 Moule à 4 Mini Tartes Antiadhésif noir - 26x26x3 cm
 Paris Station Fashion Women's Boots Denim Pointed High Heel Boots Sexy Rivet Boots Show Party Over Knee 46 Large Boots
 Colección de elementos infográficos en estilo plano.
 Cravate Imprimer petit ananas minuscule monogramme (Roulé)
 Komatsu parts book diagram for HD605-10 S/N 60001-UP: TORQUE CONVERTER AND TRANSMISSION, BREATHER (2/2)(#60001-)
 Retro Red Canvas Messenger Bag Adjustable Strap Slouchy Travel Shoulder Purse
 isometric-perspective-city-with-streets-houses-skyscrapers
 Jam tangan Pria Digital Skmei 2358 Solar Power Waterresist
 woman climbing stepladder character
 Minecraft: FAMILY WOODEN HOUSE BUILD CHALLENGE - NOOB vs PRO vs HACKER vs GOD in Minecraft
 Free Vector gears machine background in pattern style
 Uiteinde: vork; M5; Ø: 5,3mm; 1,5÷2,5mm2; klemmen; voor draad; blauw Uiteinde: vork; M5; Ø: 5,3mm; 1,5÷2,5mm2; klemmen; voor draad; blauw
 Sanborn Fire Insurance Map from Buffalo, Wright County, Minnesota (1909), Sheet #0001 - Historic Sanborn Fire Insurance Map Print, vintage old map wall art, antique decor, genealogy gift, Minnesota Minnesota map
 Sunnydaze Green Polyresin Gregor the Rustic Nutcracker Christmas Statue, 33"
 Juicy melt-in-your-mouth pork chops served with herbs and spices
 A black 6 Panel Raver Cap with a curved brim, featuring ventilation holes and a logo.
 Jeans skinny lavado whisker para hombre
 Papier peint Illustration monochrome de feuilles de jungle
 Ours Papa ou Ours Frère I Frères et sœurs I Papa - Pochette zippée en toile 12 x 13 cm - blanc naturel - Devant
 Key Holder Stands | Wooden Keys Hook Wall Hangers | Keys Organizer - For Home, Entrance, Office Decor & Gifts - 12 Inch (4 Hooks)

(YOUR GOAL)
Up to and including the last line of the data, copy each line exactly, starting with the line that contains "A black 6 Panel".

(COMPLETED EXERCISE)
 A black 6 Panel Raver Cap with a curved brim, featuring ventilation holes and a logo.
 Jeans skinny lavado whisker para hombre
 Papier peint Illustration monochrome de feuilles de jungle
 Ours Papa ou Ours Frère I Frères et sœurs I Papa - Pochette zippée en toile 12 x 13 cm - blanc naturel - Devant
 Key Holder Stands | Wooden Keys Hook Wall Hangers | Keys Organizer - For Home, Entrance, Office Decor & Gifts - 12 Inch (4 Hooks)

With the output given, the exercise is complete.